## RECORD EXTRACTS
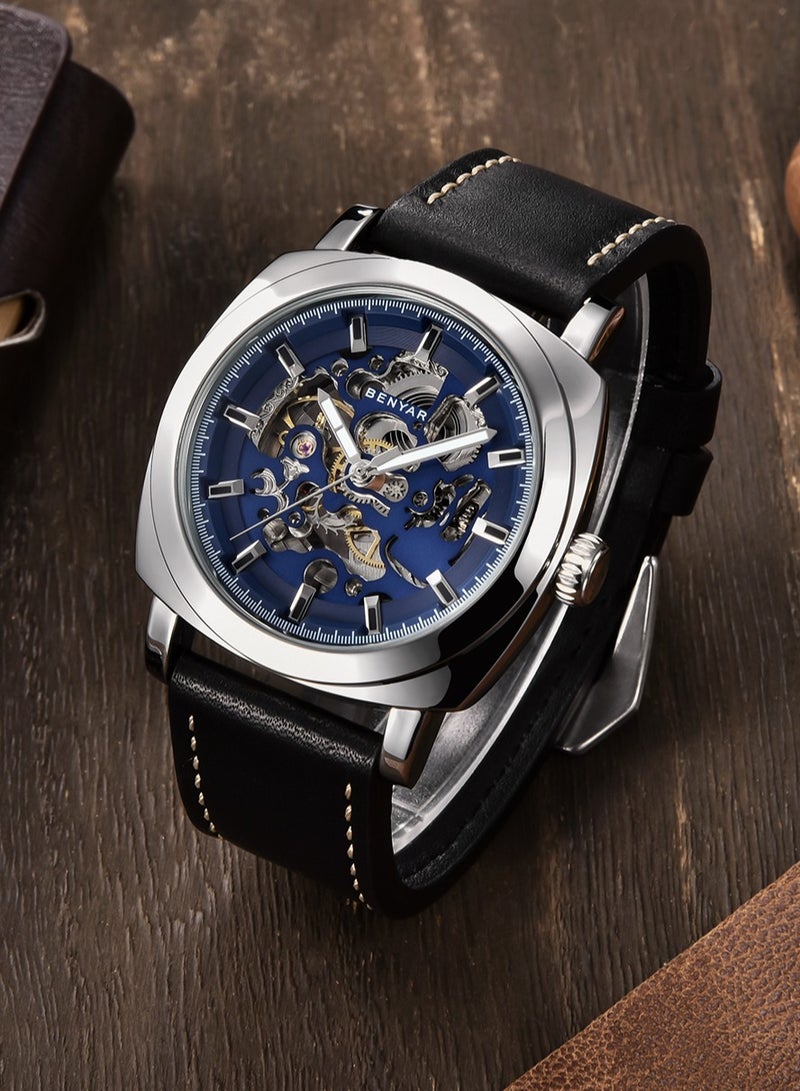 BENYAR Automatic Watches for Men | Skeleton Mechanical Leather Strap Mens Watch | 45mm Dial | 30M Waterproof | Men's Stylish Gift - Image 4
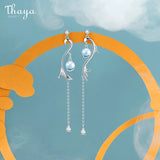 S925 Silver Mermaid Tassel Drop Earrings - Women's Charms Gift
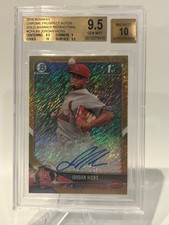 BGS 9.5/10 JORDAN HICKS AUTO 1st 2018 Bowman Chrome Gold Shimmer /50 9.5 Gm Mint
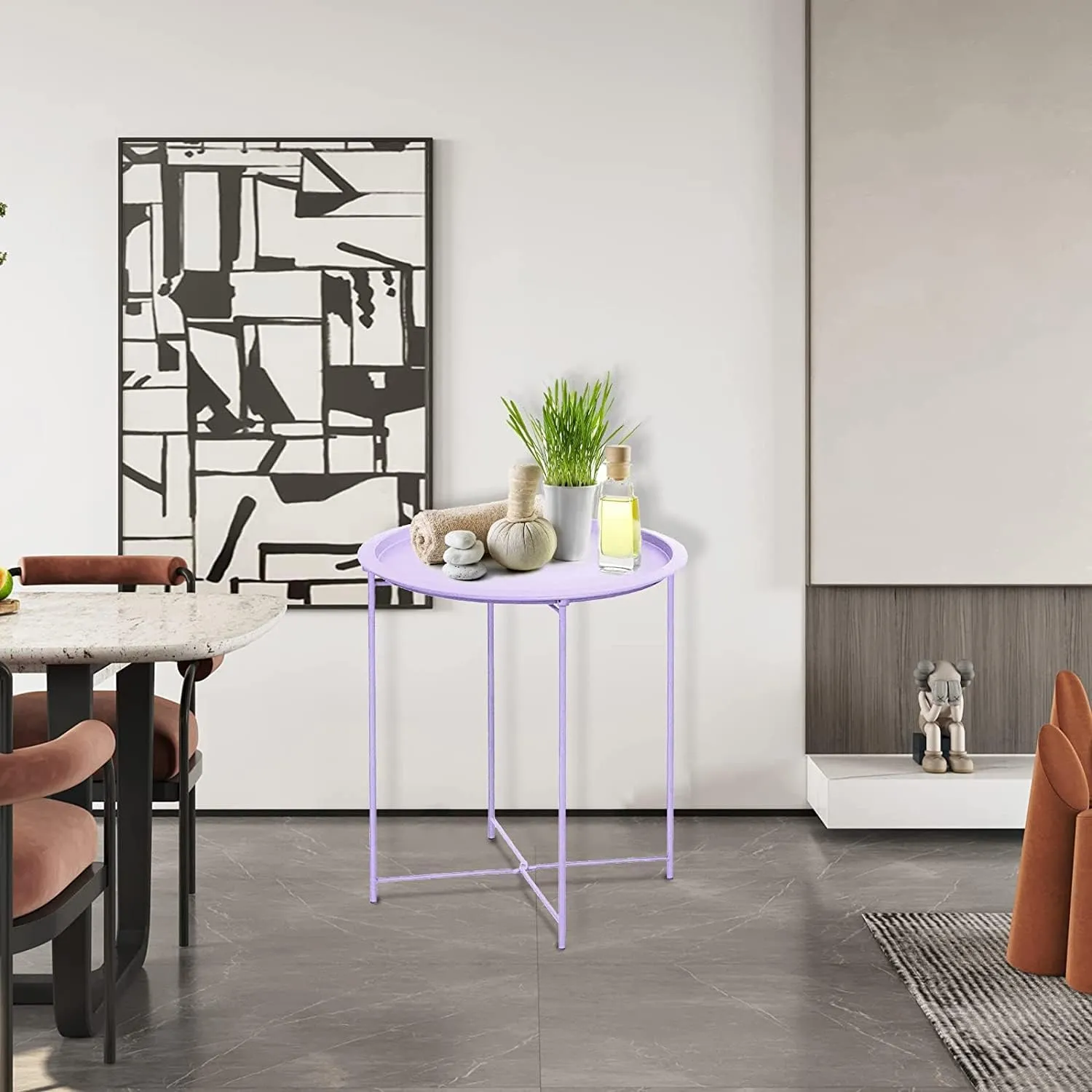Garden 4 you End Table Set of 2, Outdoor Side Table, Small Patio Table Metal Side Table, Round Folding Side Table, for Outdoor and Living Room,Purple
* * *
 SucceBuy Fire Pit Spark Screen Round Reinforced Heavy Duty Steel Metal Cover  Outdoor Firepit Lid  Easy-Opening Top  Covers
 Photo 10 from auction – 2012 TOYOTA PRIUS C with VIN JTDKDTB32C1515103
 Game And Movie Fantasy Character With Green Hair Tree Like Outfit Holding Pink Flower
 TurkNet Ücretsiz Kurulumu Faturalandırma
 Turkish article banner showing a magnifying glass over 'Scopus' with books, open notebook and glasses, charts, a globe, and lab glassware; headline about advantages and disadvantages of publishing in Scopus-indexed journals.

## WORK REQUEST
Repeat exactly the lines of the listing above, from the one with "Photo 10 from" down to the one with "TurkNet Ücretsiz Kurulumu Faturalandırma"; both of those lines belong in the range.

## EXERCISE OUTPUT
 Photo 10 from auction – 2012 TOYOTA PRIUS C with VIN JTDKDTB32C1515103
 Game And Movie Fantasy Character With Green Hair Tree Like Outfit Holding Pink Flower
 TurkNet Ücretsiz Kurulumu Faturalandırma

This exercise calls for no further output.